📆 Thursday, December 19
► European stock futures mirrored the global risk-off sentiment, sliding 1.5% (Euro Stoxx 600) after the Federal Reserve hinted at fewer rate cuts in 2025. This weakness followed Wall Street’s sharp selloff, with the S&P 500 recording its steepest Fed-decision-day decline since 2001. Investors are bracing for key central bank decisions from the UK, Norway, and Sweden, while the hawkish Fed stance prompted a reassessment of global equity valuations. The Bank of England kept rates unchanged but three MPC members voted for another cut. Analysts only expected only a single MPC vote for another rate cut – we thus see a rather dovish rate pause (=according to SmartTrader chief analyst Robert Lindner) with the decision for the pause being split.

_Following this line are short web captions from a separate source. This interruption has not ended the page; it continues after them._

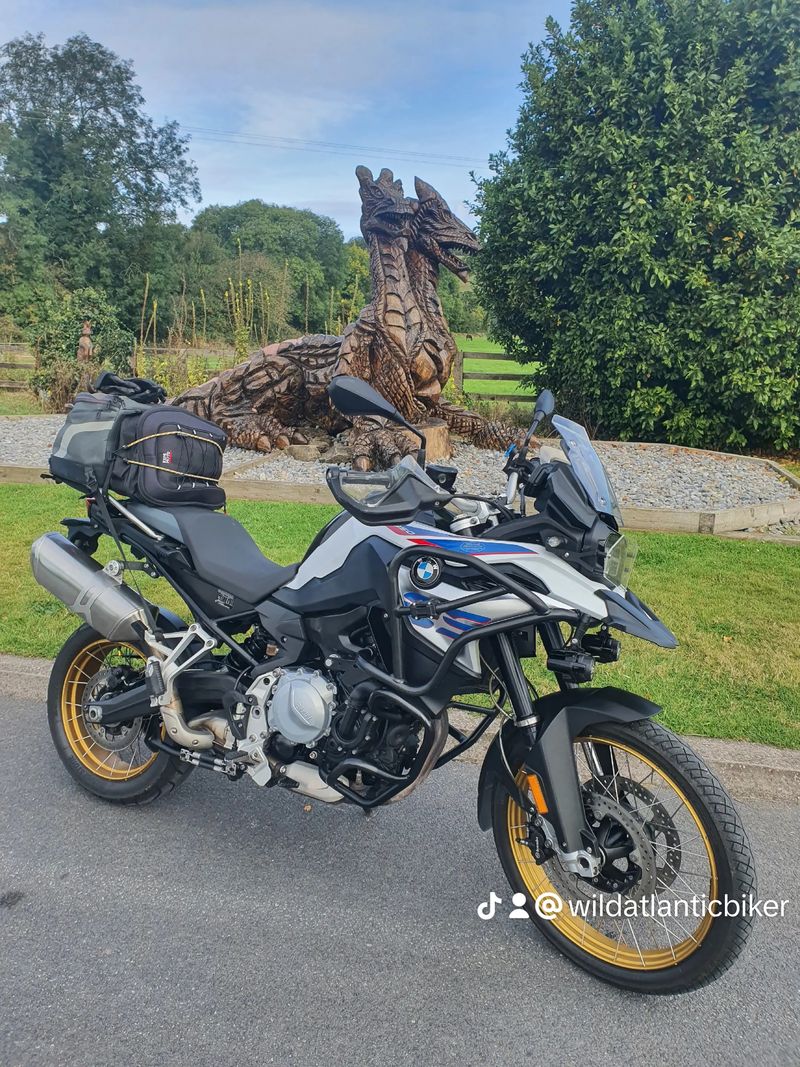 George's BMW F850GS Adventure parked beside a carved wooden dragon sculpture on an Irish country road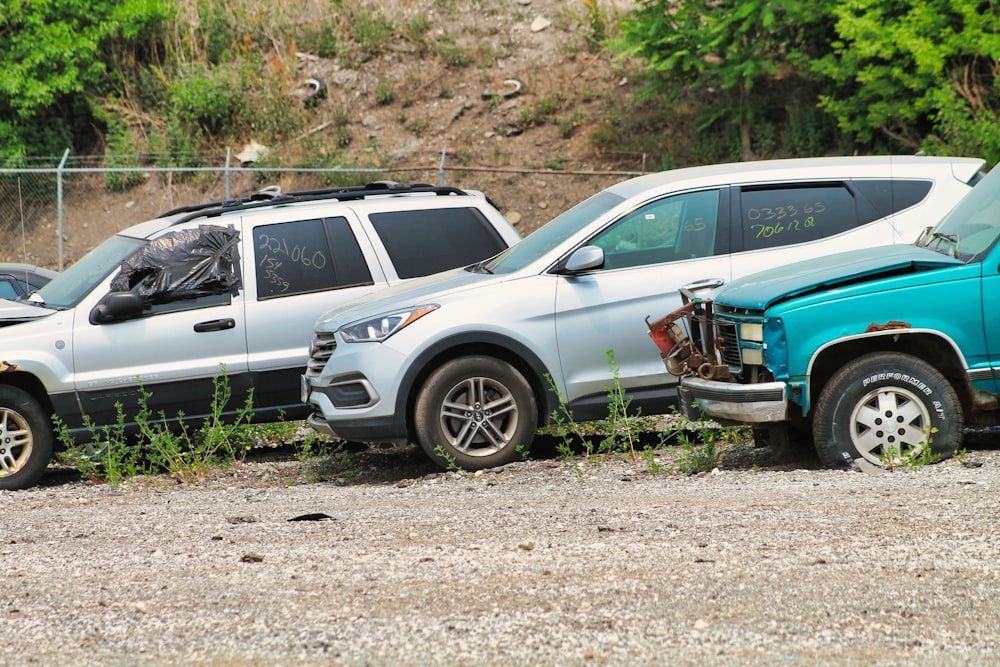 Un par de coches que están aparcados en la tierra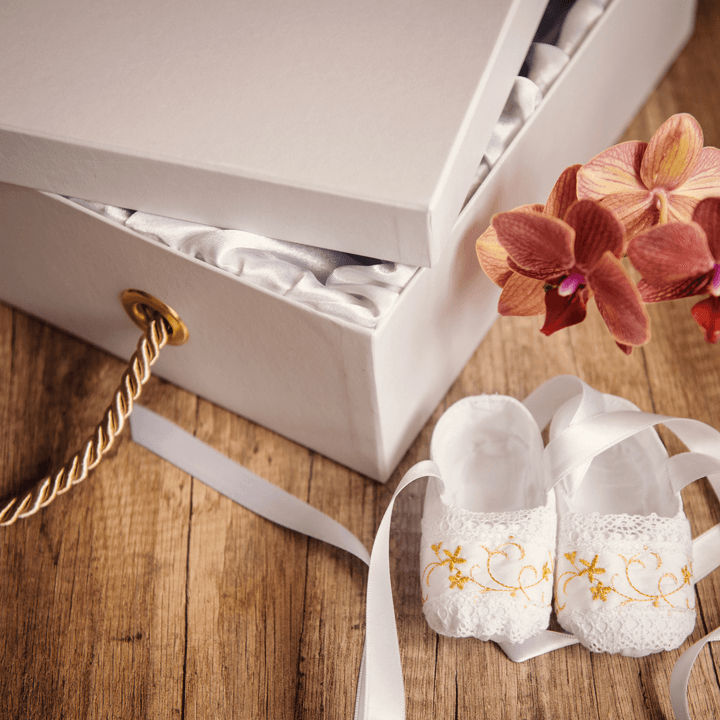 A pair of white baby shoes sitting next to a white box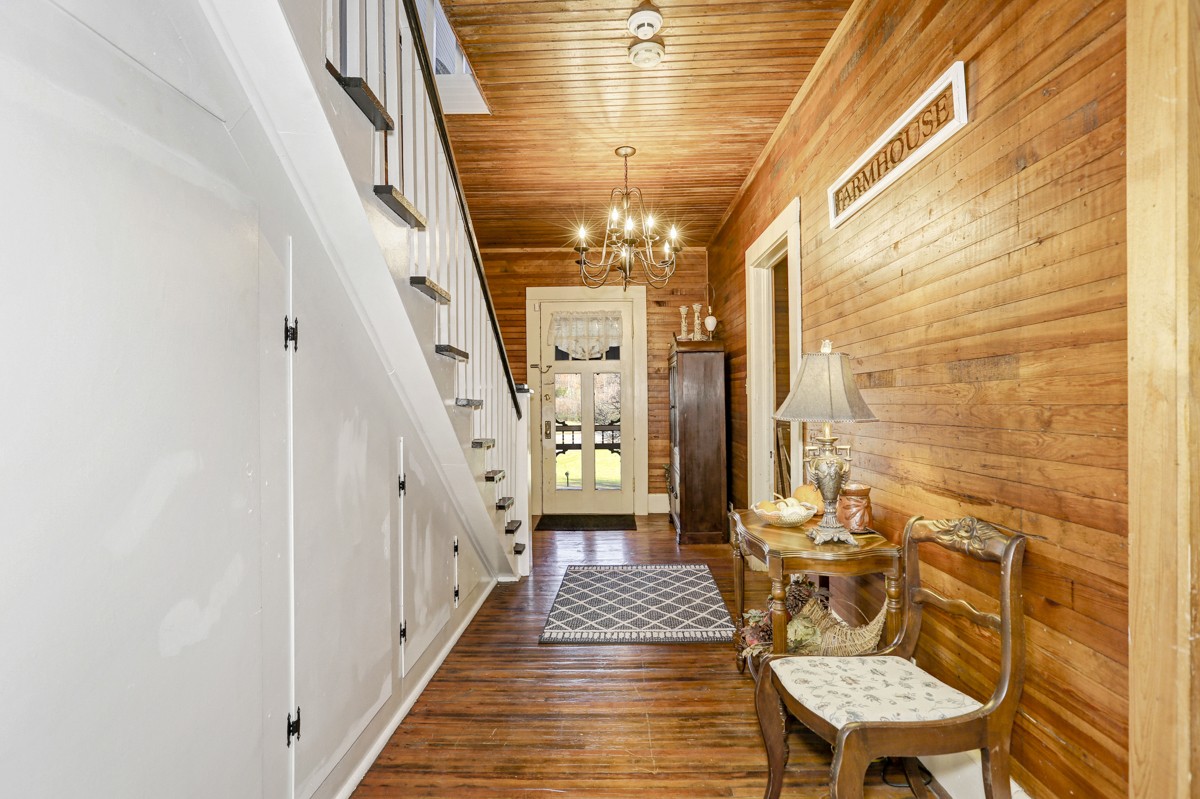27 Bee Spring Road Dellrose, TN 38453 - Photo 5 of 30 a view of a hallway with wooden floor and entryway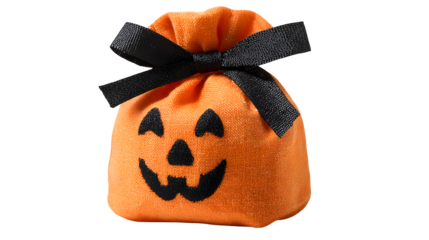 Orange Halloween pumpkin treat bag tied with black ribbon, isolated on white background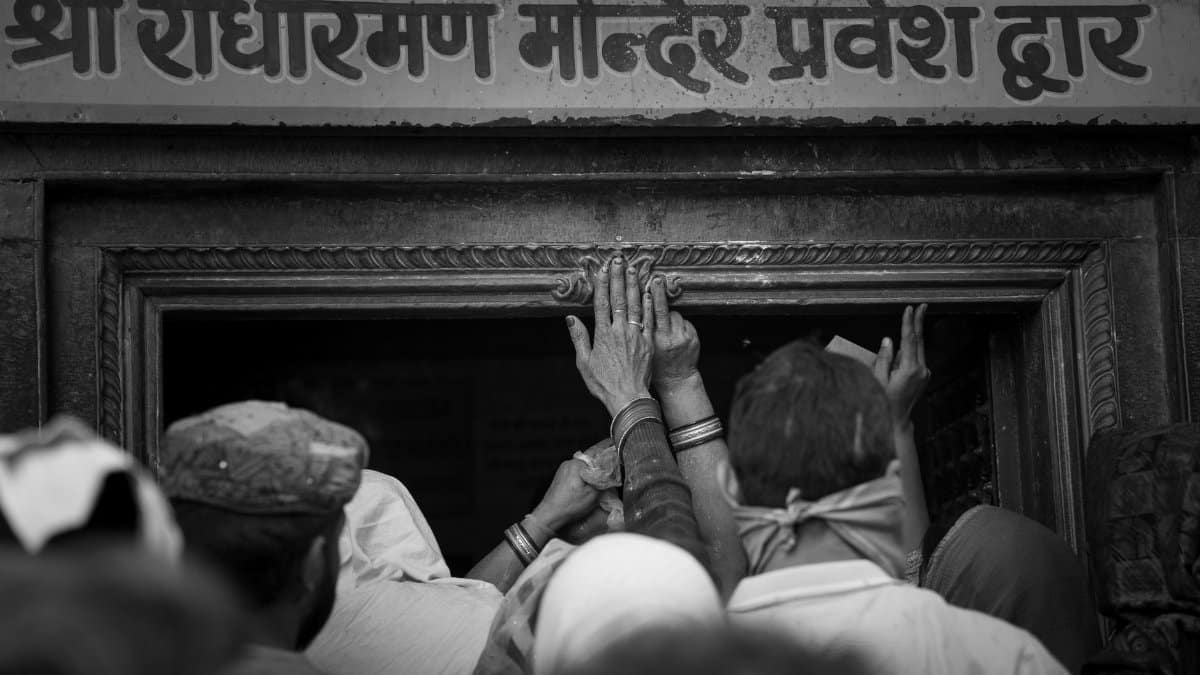 Hands reaching out in prayerful devotion at the entrance of Shri Radha Raman Temple, Vrindavan.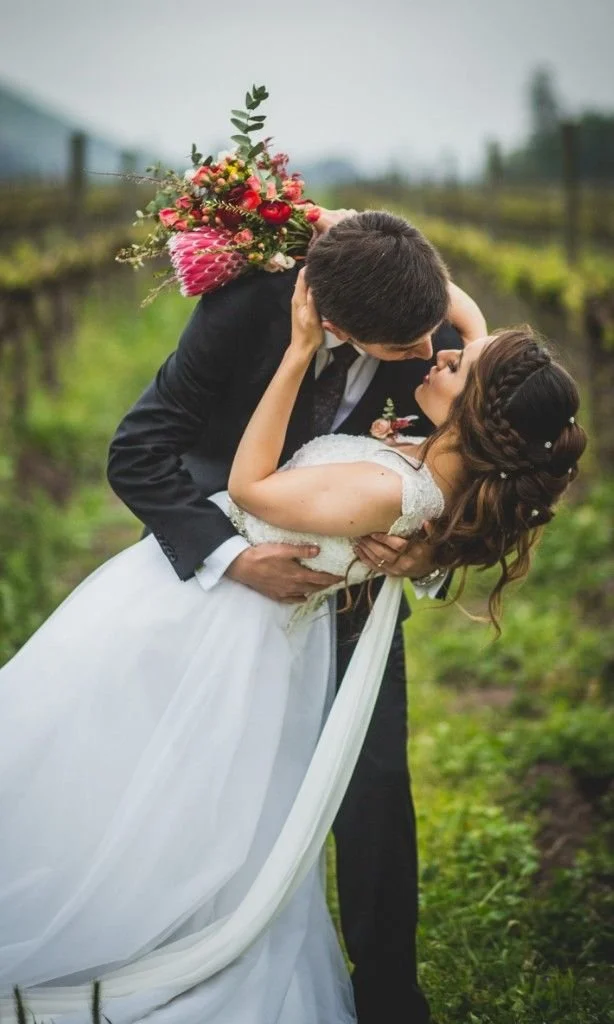Una pareja de novios en un campo, la pareja se está besando y la mujer está en brazos del hombre, ella lleva un vestido de novia y él usa un traje oscuro. La mujer sostiene un ramo de flores en su cabeza.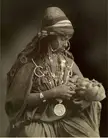 An elaborately jeweled Bedouin mother feeding her baby, 1900s. [1000 x 1280]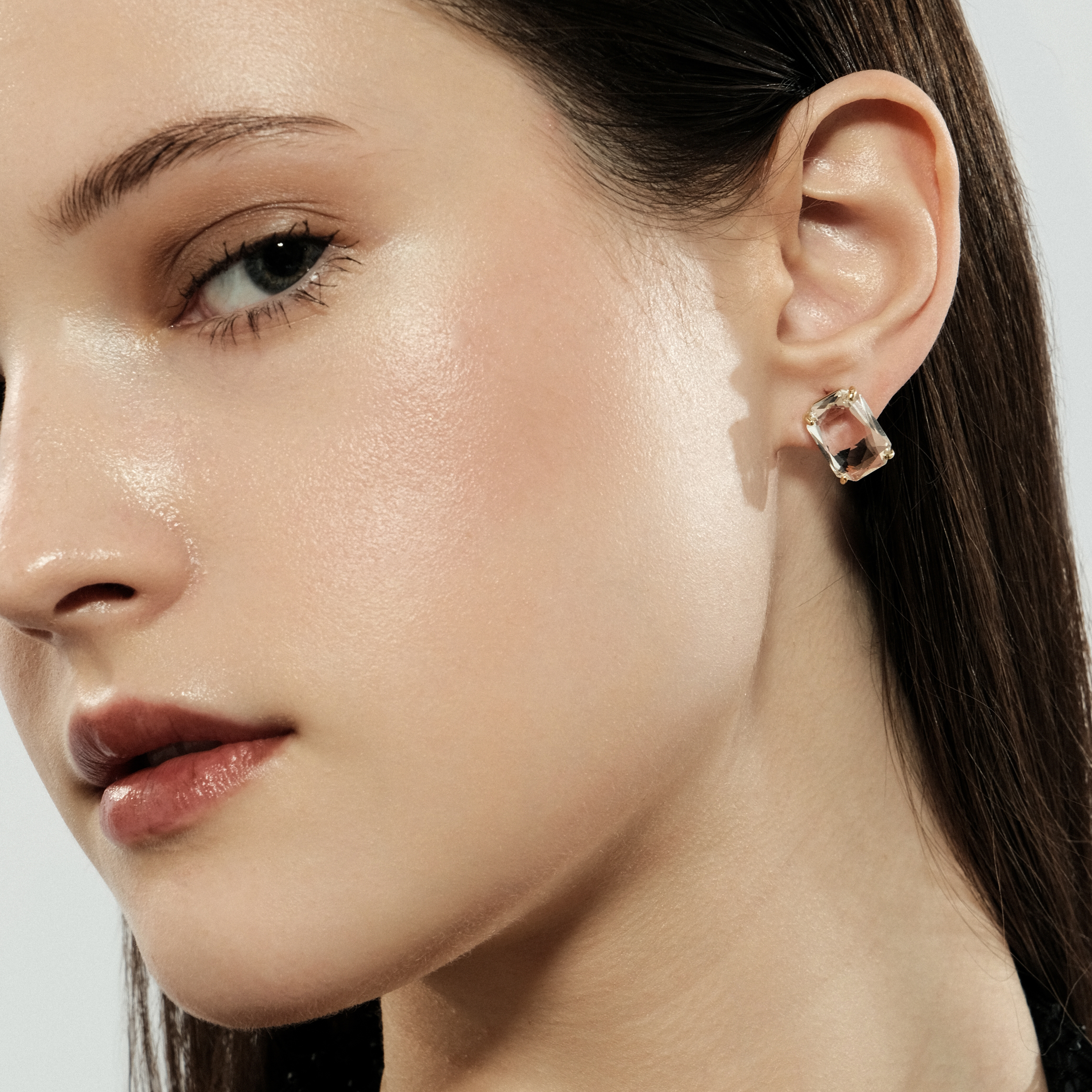 Golden stud earrings with a large white crystal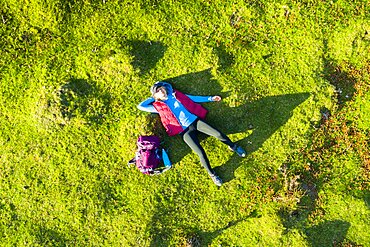 Aerial view of a young woman hiker lying on his back on a meadow. Aralar mountain range. Navarre, Spain, Europe.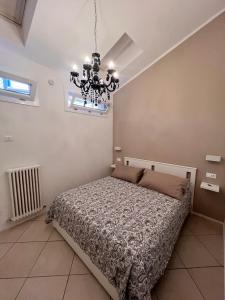 Ένα ή περισσότερα κρεβάτια σε δωμάτιο στο Saragozza 223 Deluxe Apartment +12 φωτογραφίες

► US markets show signs of stabilization after a sharp selloff on Wednesday that was caused by investors falling into panic even as the Fed delivered what was widely expected. Futures point to a rebound, with the S&P 500 rising 0.3%, and Nasdaq futures increasing 0.3%. Treasury yields edged further up, with the 10-year yield trading above 4.5%, reflecting ongoing concerns about inflationary pressures and reduced rate-cut expectations. The Federal Reserve cut rates by 25 basis points but signaled a slower path of reductions next year, prompting cautious remarks from Chair Jerome Powell, who emphasized the need to see more progress on inflation. Swap markets show that investors reduced rate cut expectations for 2025 to below two rate cuts – which will only be true if the US economy will remain in strong growth. The US economy is no need for Fed stimulus.